▸ **Excerpted data**:
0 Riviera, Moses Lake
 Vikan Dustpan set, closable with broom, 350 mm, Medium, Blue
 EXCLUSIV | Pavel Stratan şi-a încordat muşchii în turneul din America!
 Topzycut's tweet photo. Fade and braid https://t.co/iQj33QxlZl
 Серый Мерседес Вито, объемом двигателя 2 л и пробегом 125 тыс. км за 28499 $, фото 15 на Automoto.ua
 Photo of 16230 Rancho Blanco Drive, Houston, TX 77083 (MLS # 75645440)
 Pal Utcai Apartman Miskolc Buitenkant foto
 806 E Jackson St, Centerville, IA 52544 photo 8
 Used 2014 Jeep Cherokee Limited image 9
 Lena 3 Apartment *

▸ **What to work on**:
Starting at the line with "Vikan Dustpan set, closable", print each remaining line of the listing above exactly as it appears.

▸ **Completed exercise**:
 Vikan Dustpan set, closable with broom, 350 mm, Medium, Blue
 EXCLUSIV | Pavel Stratan şi-a încordat muşchii în turneul din America!
 Topzycut's tweet photo. Fade and braid https://t.co/iQj33QxlZl
 Серый Мерседес Вито, объемом двигателя 2 л и пробегом 125 тыс. км за 28499 $, фото 15 на Automoto.ua
 Photo of 16230 Rancho Blanco Drive, Houston, TX 77083 (MLS # 75645440)
 Pal Utcai Apartman Miskolc Buitenkant foto
 806 E Jackson St, Centerville, IA 52544 photo 8
 Used 2014 Jeep Cherokee Limited image 9
 Lena 3 Apartment *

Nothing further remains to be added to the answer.